J. Edward Bell, III of Bell & Bagley, Sumter, for appellant.

Finley B. Clarke of Clarke & Johnson, Florence, Susan Taylor Wall and Warren Ariail of Holmes & Thompson, Charleston, Charles E. Godwin, Lake City and Duvall W. Spruill, Columbia, for respondents.

PER CURIAM:

On January 31, 1986 Georganne Apparel, Inc., Plaintiff-Appellant filed its initial complaint against Defendants-Respondents, George Mack Todd, Shirley Todd, Lake City Manufacturing Company, Inc., Georganne Ltd., Travis Matthews, and Dal Felkel and Associates (and others no longer involved in this case) alleging conversion, unfair trade practices, breach of fiduciary duty and professional malpractice. On November 30, 1988 the court, speaking through Judge Carol Connor, acting on defense motions, dismissed all causes of action with prejudice. Plaintiff appeals; we affirm.

A detailed history of the litigation and the delays incident thereto is necessary for an understanding of the court's dismissal.

In September 1986 the trial court, at Plaintiff's request, struck the case from the trial roster pursuant to SCRCP, Rule 40(c)(3). In September 1987 the trial court, at Plaintiff's request, restored the case to the trial roster.

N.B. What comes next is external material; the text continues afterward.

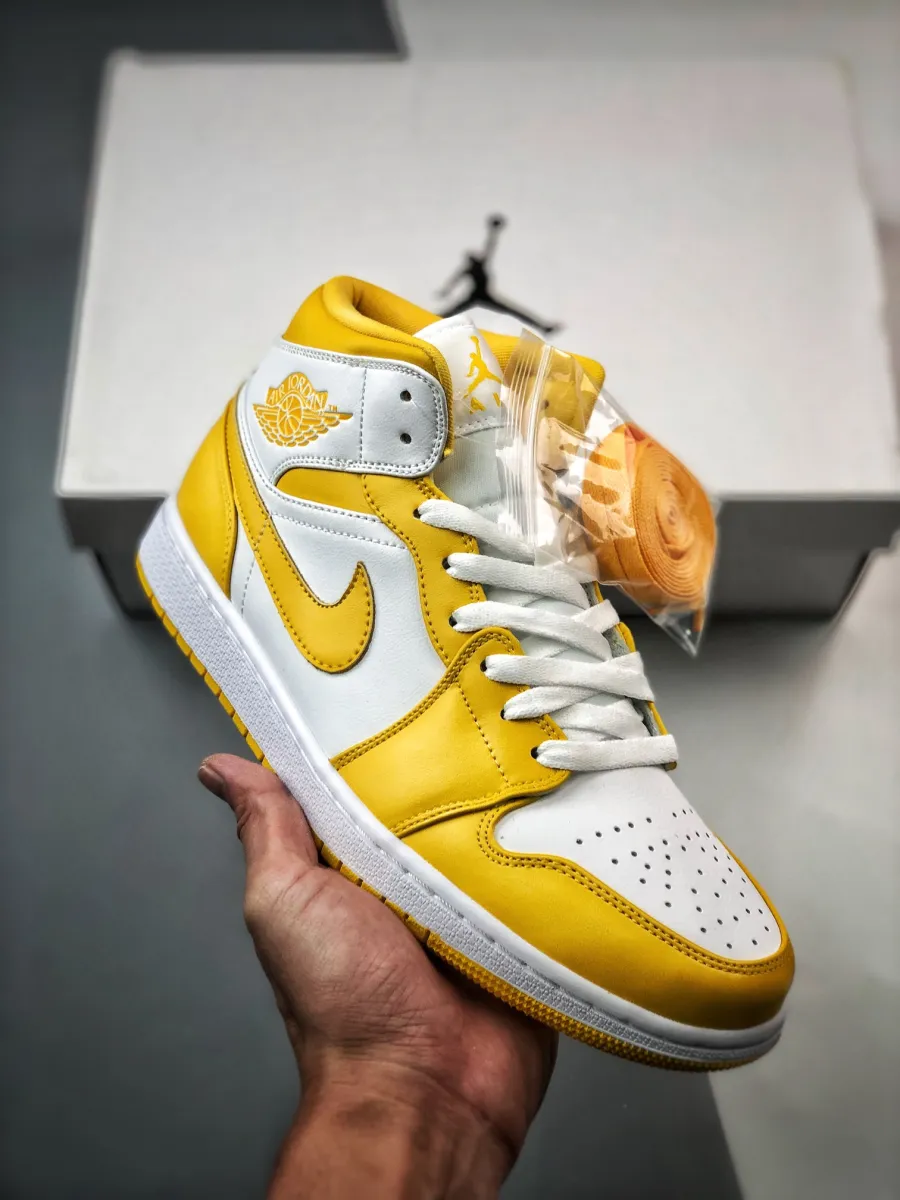 Air Jordan 1 Mid White Yellow BQ6472-117 Cyan Jordan 1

On February 22, 1988 Plaintiff along with Matthews and Dal Felkel (referred to as "Accountants") entered into a consent order whereby Plaintiff agreed to limit its claim against the Accountants to professional negligence only.

On May 16, 1988 the trial court, upon a motion by Accountants, issued an order precluding Plaintiff from calling its designated accounting expert as a witness because Plaintiff had failed to cooperate with Accountants in setting up a deposition of the expert witness.

In an order of May 20, 1988, more than two years after the original complaint, the trial court (Judge Waller) granted Plaintiff's motion to dismiss the case without prejudice pursuant to SCRCP Rule 41(a)(2) on the conditions:

(1) That it pay certain costs to each Defendant before refiling this action, and

(2) That it limit the refiled action to only those causes of action "as currently set forth in plaintiff's complaint ... as further limited by the Consent Order dated February 22, 1988...."

On September 15, 1988, Plaintiff filed a new complaint which named Anderson State Bank as a Defendant in addition to the Defendants in the original complaint, and which added causes of action for fraud and unfair trade practices, conversion, breach of fiduciary duty, professional negligence and negligence, thereby violating Judge Waller's order.

The trial court (Judge Connor) on November 30, 1988, dismissed the case with prejudice finding that Plaintiff purposefully added new causes of action and a new defendant to the refiled complaint in blatant violation of the May 20, 1988, order. The court also stated that it was "mindful of the history of abuse this case presents." The court noted Plaintiff represented on May 18, 1988, that it was not prepared for trial because it did not have the documents necessary to enable its expert to render an opinion. The court found that an affidavit before the court contradicted this representation, stating that the expert had reviewed the necessary documents before the May 18 hearing. The court also found that the Defendants were prejudiced by Plaintiff's actions.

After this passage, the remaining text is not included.